== DATA LISTING

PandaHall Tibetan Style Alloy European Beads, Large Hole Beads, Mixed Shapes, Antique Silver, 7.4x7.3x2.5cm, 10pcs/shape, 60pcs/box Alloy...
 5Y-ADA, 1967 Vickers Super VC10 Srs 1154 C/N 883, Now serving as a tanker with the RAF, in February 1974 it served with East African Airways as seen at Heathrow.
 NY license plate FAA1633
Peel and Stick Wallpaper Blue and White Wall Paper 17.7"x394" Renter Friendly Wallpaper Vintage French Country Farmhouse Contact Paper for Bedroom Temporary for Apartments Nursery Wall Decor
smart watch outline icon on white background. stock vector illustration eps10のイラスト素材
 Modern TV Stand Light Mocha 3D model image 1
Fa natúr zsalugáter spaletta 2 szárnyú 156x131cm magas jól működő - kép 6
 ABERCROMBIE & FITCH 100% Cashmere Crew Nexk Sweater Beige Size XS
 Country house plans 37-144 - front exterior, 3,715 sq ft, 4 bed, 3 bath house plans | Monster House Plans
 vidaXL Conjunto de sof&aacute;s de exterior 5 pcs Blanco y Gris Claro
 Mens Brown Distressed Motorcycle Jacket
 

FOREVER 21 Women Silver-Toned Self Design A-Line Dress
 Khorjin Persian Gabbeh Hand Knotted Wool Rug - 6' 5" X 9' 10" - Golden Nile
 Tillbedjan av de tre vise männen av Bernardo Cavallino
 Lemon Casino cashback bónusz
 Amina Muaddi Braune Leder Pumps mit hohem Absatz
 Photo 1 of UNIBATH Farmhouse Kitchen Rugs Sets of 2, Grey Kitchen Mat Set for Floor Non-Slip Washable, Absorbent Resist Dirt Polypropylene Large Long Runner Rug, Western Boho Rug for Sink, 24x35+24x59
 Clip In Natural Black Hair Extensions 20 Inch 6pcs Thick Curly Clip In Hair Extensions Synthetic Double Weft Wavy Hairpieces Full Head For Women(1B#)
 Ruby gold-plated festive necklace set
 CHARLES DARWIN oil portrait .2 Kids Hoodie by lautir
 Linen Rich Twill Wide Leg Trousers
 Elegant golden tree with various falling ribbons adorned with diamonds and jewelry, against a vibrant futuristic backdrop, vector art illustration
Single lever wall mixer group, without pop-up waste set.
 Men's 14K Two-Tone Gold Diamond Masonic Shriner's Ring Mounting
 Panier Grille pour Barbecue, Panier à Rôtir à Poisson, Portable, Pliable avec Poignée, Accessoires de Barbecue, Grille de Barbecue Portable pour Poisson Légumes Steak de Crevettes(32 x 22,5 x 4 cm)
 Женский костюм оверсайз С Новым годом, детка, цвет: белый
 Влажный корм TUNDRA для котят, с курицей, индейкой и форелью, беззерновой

====

• [WORK TO COMPLETE] Send back each record exactly as it stands.

• [TASK ANSWER]
PandaHall Tibetan Style Alloy European Beads, Large Hole Beads, Mixed Shapes, Antique Silver, 7.4x7.3x2.5cm, 10pcs/shape, 60pcs/box Alloy...
 5Y-ADA, 1967 Vickers Super VC10 Srs 1154 C/N 883, Now serving as a tanker with the RAF, in February 1974 it served with East African Airways as seen at Heathrow.
 NY license plate FAA1633
Peel and Stick Wallpaper Blue and White Wall Paper 17.7"x394" Renter Friendly Wallpaper Vintage French Country Farmhouse Contact Paper for Bedroom Temporary for Apartments Nursery Wall Decor
smart watch outline icon on white background. stock vector illustration eps10のイラスト素材
 Modern TV Stand Light Mocha 3D model image 1
Fa natúr zsalugáter spaletta 2 szárnyú 156x131cm magas jól működő - kép 6
 ABERCROMBIE & FITCH 100% Cashmere Crew Nexk Sweater Beige Size XS
 Country house plans 37-144 - front exterior, 3,715 sq ft, 4 bed, 3 bath house plans | Monster House Plans
 vidaXL Conjunto de sof&aacute;s de exterior 5 pcs Blanco y Gris Claro
 Mens Brown Distressed Motorcycle Jacket
 

FOREVER 21 Women Silver-Toned Self Design A-Line Dress
 Khorjin Persian Gabbeh Hand Knotted Wool Rug - 6' 5" X 9' 10" - Golden Nile
 Tillbedjan av de tre vise männen av Bernardo Cavallino
 Lemon Casino cashback bónusz
 Amina Muaddi Braune Leder Pumps mit hohem Absatz
 Photo 1 of UNIBATH Farmhouse Kitchen Rugs Sets of 2, Grey Kitchen Mat Set for Floor Non-Slip Washable, Absorbent Resist Dirt Polypropylene Large Long Runner Rug, Western Boho Rug for Sink, 24x35+24x59
 Clip In Natural Black Hair Extensions 20 Inch 6pcs Thick Curly Clip In Hair Extensions Synthetic Double Weft Wavy Hairpieces Full Head For Women(1B#)
 Ruby gold-plated festive necklace set
 CHARLES DARWIN oil portrait .2 Kids Hoodie by lautir
 Linen Rich Twill Wide Leg Trousers
 Elegant golden tree with various falling ribbons adorned with diamonds and jewelry, against a vibrant futuristic backdrop, vector art illustration
Single lever wall mixer group, without pop-up waste set.
 Men's 14K Two-Tone Gold Diamond Masonic Shriner's Ring Mounting
 Panier Grille pour Barbecue, Panier à Rôtir à Poisson, Portable, Pliable avec Poignée, Accessoires de Barbecue, Grille de Barbecue Portable pour Poisson Légumes Steak de Crevettes(32 x 22,5 x 4 cm)
 Женский костюм оверсайз С Новым годом, детка, цвет: белый
 Влажный корм TUNDRA для котят, с курицей, индейкой и форелью, беззерновой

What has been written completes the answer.